Más allá de las estrellas

¿En qué diablos pensaba Dios cuando creó las estrellas? Los que lo vieron por esos días cuentan que andaba inspirado, le brillaban los ojos mientras tomaba vino moscatel, estaba de buen humor, así que decidió esperar hasta el cuarto día para crearlas —vendría siendo un jueves—, que casualidad, generalmente los jueves yo los uso para subirme al tejado con una cerveza Corona, cigarros Marlboro, Led Zeppelin de fondo y empezar a contarlas, mientras recuerdo cuando contaba sus lunares, a besos, de este a oeste, en el firmamento de sus hombros.
La conocí en un callejón oscuro de esta ciudad, en la que nunca hay verano pero siempre es infierno, a donde suelen salir a volar las almas desamparadas que no tienen alas, uno de esos callejones a los que una vez que entras sólo puedes salir con el amor de tu vida o con una puñalada.

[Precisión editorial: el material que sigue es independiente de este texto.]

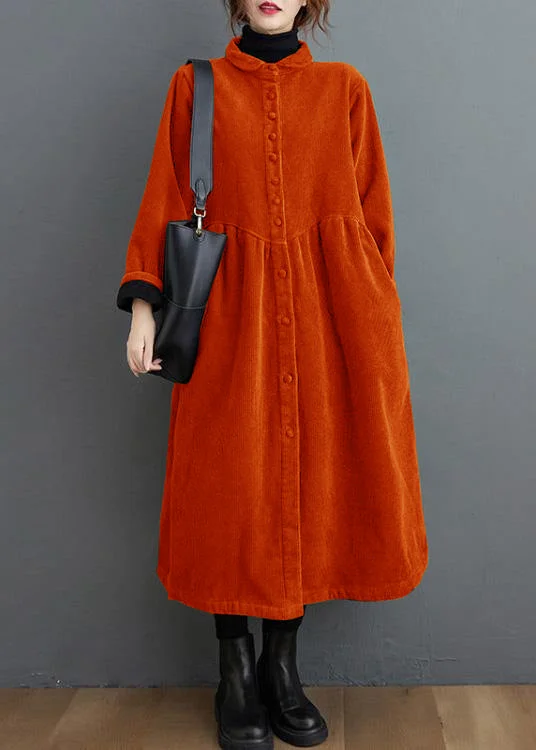 Women's long - sleeve wool coats in a houndstooth pattern for a classic charmFrench orange corduroy coats Inspiration thick Cinched women coats ( Limited Stock) Women's long - sleeve wool coats in a houndstooth pattern for a classic charmFrench orange corduroy coats Inspiration thick Cinched women coats ( Limited Stock)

Era muy fácil seducirla y dejarme seducir; licor, sonrisas, un gramo, lujuria, motel de carretera, sabanas revueltas, el cóctel perfecto, a lo que muchos llaman poesía. Desnuda era una obra de arte llena de tatuajes en el cuerpo y en el alma, —Ojalá estés bien despierto, porque de este sueño no saldrás!— me dijo, quitando el vaso de vodka de mi mano, montando su desnudez sobre mí hombría, sonriendo, y susurrando a mi oído: —Ahora tu vicio, soy yo…— y bien saben mis demonios que ella no miente, la habitación oscura impregnada de humo y vodka fue el infierno en el que conocí su cielo, parecía un sueño pero estaba despierto, o al menos eso creo. ¿Y quién dijo que dos desconocidos no pueden hacer el amor a primera vista? pensaba yo lleno de lujuria, mientras ella me follaba con ganas, pero vacía de amor.
Lo que siguió después fue el cigarro de verla vestir antes de abandonar la habitación, dejando los ¨te quiero para mí¨ de esa noche, tirados por el zaguán del motel, y una nota en el espejo escrita con labial carmesí que decía: ¨Tú no existes, a ti te inventé yo…¨ —en eso tenía razón— y firmada con la huella de un beso.

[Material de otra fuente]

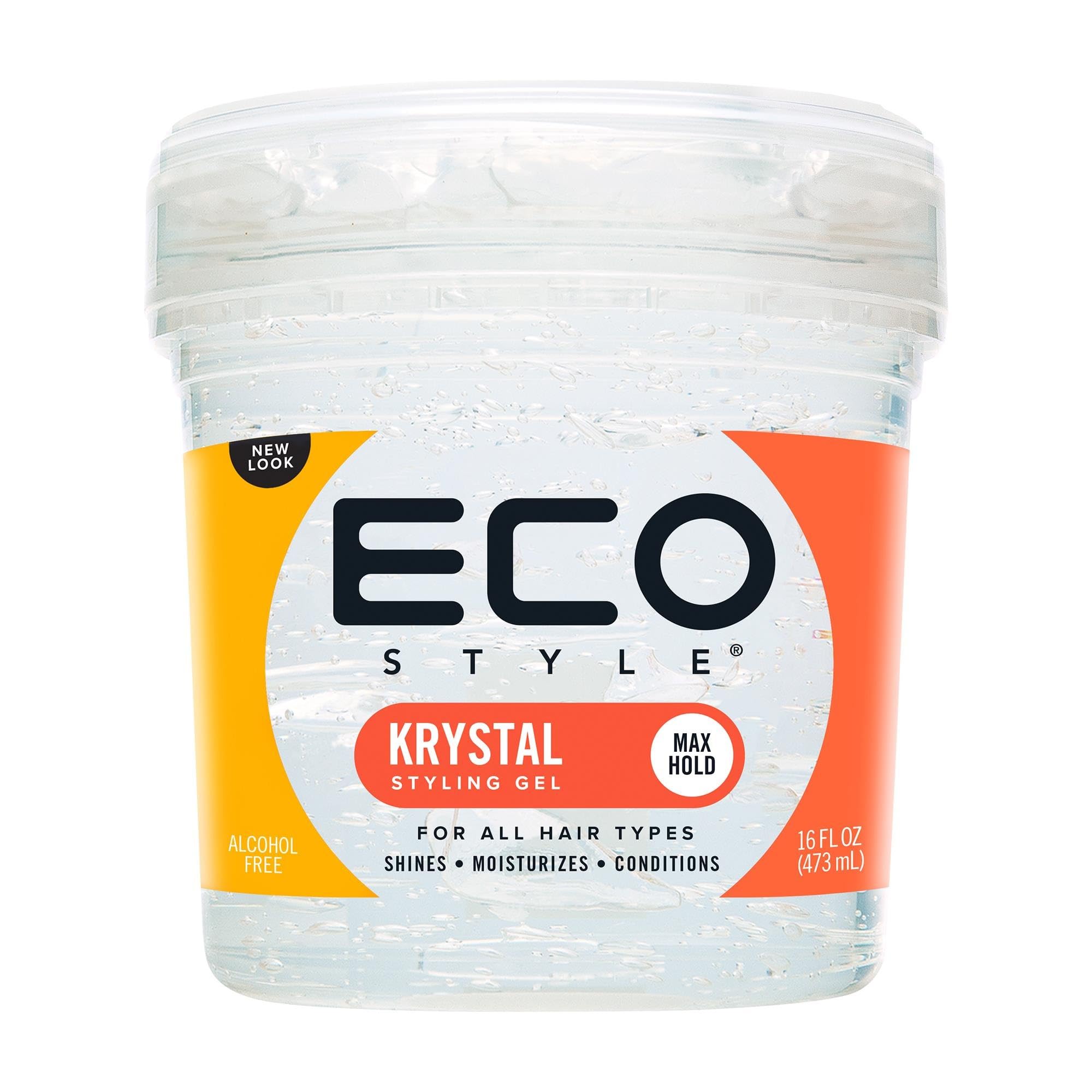 Eco Style Krystal Styling Gel for All Hair Types, Clear, 473 ml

Ella no cuenta las estrellas en el cielo, me dijo que eso es para las musas, que ella es viciosa y de carne y hueso, que prefiere llevar la cuenta de las estrellas de los moteles a los que la invitan a pecar, y seguro ha contado más de las que hay en el firmamento.
Su sonrisa era el cielo y su mirada infierno, parecía que le habían arrancado el corazón del pecho, y en cambio, le habían dejado un hueco, en el que ahora guarda cigarros.

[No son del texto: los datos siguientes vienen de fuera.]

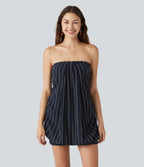 Halter Tie Back Built-in Bra Bodycon Stripe Micro Mini Dress — Navy Dual Stripe — view 5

El próximo jueves voy a tomarme una botella de moscatel yo solo y de paso la justicia por mis manos, tumbaré de una patada las puertas del cielo y le diré a Bob Dylan que entre —creepy previo— que deje ya de estar golpeando la puta puerta, voy a ir más allá de las estrellas a buscarla, y a averiguar en cuál de los putos siete días, decidió Dios, que ella, sólo fuera poesía.